Today I wanted to write about the Smut Marathon results and yesterday I wanted to work on something else, and the words haven’t been coming and I keep telling myself it’s because I’m tired, but the truth is something else wants to be written and quite frankly I don’t want to write it, but seeing as it is bursting to leave my brain I may as well go with it.
This week’s Erotic Journal Challenge is to write a letter to your first love, and I hope Brigit doesn’t mind me cheating a little bit. My first love has always been women, I’ve always known I was bisexual but have always felt that is was lesbian-leaning bisexual which is why I quite often use Queer these days as a way to identify my sexuality.This week though I feel like I’ve let all the women down, and writing a letter to them feel like the only way my brain might give me a break from the constant guilt trip it currently has me on.
For my last #SoSS post I shared the blogs of some awesome women I have come into contact with online through the sex blogging community. That list was inspired by the actions of some badass ladies I have had the pleasure of meeting in real life. On International Women’s Day, they came together to attempt to put an end to a cycle of behaviour that has affected them all, here is my letter to them.
I have felt many, many things since you all came forward, some of which feels valid, some of which feels self-indulgent and trite in comparison to what you went through. Mostly I feel shame and sadness that I wasn’t a better friend to each and every one of you. I can’t erase the past and though I tried in my own way to make things better, I was woefully ignorant of just how bad things were.
On a weekly basis, I get wonderful comments and messages through my blog, I have been on more than one occasion thanked and championed for my continued support of people within the sex blogging community and I don’t say this to brag, I say this to point out how we can do well in one area and fail dismally in another.
I try to be a good person.
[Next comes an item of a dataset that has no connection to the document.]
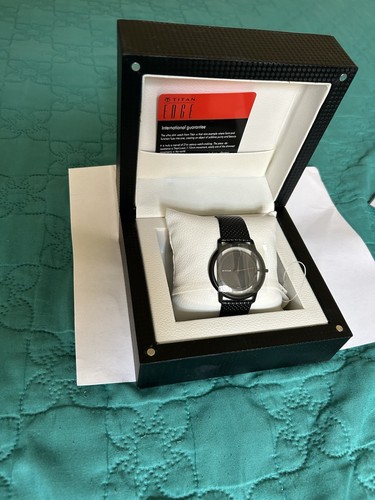 Titan edge watch - edge, slim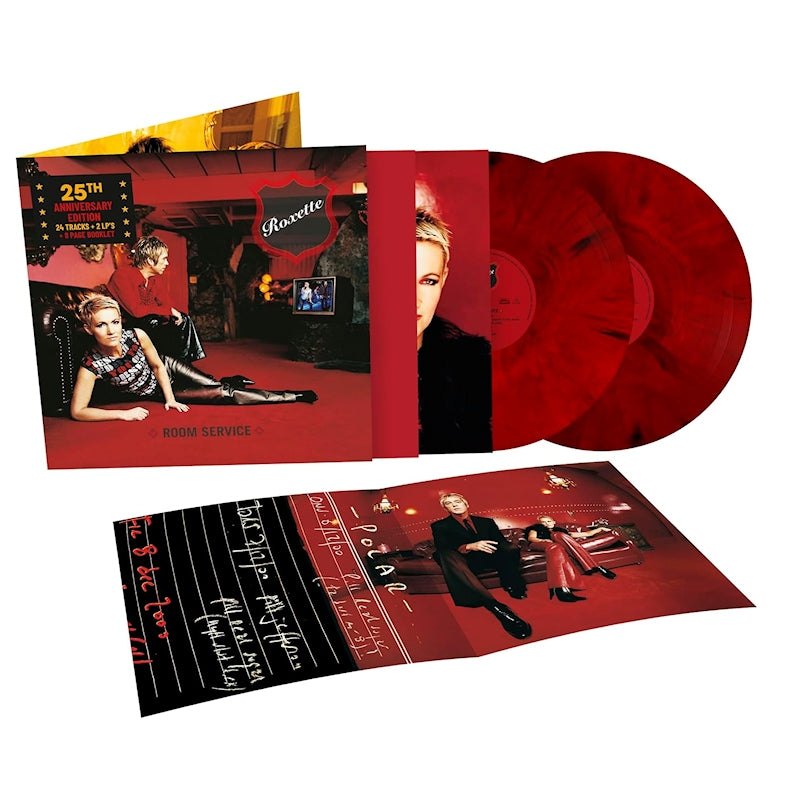 Roxette - Room service (LP)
I think my nature is to be kind, I don’t tell lies to people, I’ll be honest when asked questions and my door is always open if people want to begin a discussion with me, even the tough ones. What I hate though is confrontation of any kind, I’m a bit of a people pleaser and I like a quiet life. I don’t like to deal with contentious issues that involve debate, raised voices and heated conversation. Right now these all feel like major personality flaws.
Bakji says there’s nothing I could have done, and maybe he’s right, but right now my brain is telling me he’s wrong. I’m going over and over a bunch of stuff, things I wasn’t even involved in wondering if there was a point, a small moment in time where I could have said something that would have made a difference. Even hindsight tells me this is unlikely, and I was going through my own stuff while you were going through yours and yes some of that stuff included fighting my own battles, it wasn’t especially time to fight someone else’s but is the time ever right for that or am I just making excuses.
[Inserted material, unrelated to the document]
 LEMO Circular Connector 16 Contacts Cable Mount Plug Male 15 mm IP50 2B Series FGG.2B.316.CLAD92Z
I even hate that this writing sounds like ‘oh woe is me, isn’t it sad that I feel bad for being shit at supporting my fellow women’ – but my brain just isn’t letting up on this and I needed to get it out and I feel like I need to say publicly that I am sorry you went through so much, that I respect the hell out of you for the decision you’ve made to come forward and I 100% support your doing so.
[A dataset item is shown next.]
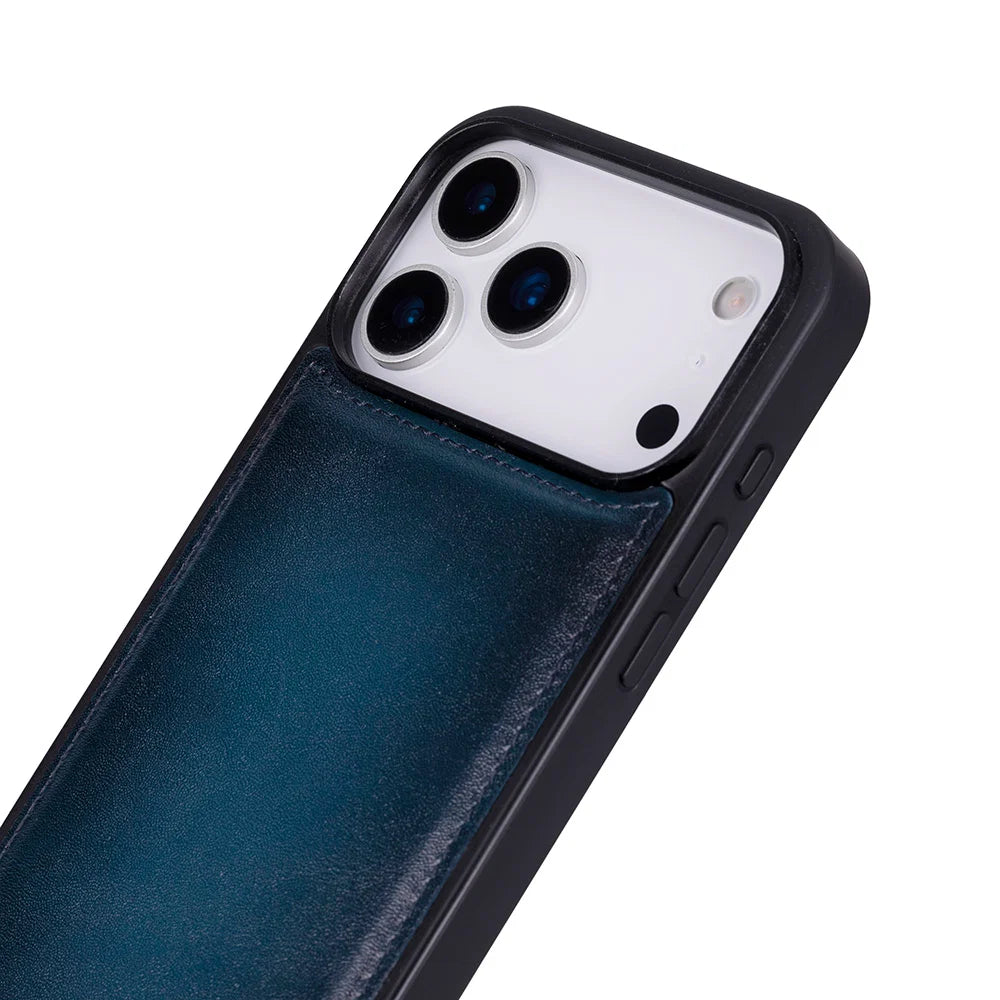 Flex Cover iPhone 17 Pro Max Leather Case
I know at least one person who I managed to navigate away from potentially being another person who could have added to the number of you that came forward, but one doesn’t feel like a big number right now. It just feels like a not good enough number.
My heart goes out to all of you, but fuck me if you aren’t all totally badass and doing an amazing job at living better and happier lives now compared to when we existed in a similar bubble. I wish you all the best for your future happiness and I hope you continue to grow stronger and more wonderful with every passing day.
Some people who witnessed the goings on of a particular subsection of our local kink community referred to it as a cult. I always saw where they were coming from but never really ran with that idea myself. The last few days though seeing information presented in one go that previously I saw in trickles as it happened, I can’t help but wonder if they were more correct than I realised.
I feel marked by my inclusion in this particular group, I feel like to many local kinksters I’ll always carry the stigma of having been in that inner circle, probably by many people’s judgements for a little too long. We all have own own stories though, and I have mine, I have my reasons why I was there and reasons why I drifted away. I don’t want to tell that story, I could but I just don’t want to.
Sometimes we blog for our audience, to entertain, to inform, to connect. Today I’m blogging for me, for the sake of my brain and my own emotions. It’s for that reason that I’m going to link up to Sex bloggers for Mental Health. While they do provide us with a weekly prompt Cat and May are often saying we can share any Mental Health related posts and I am grateful to them for the platform to share these thoughts.
I also apologise that this post is a little ambiguous in some ways, if you are a U.K based kinkster that is at all concerned you might know what I am referring to and would like confirmation then please feel free to make enquires. Linking to any of the original posts by this ladies will out my location, and while it isn’t a massive secret I do try to minimise how much it is mentioned.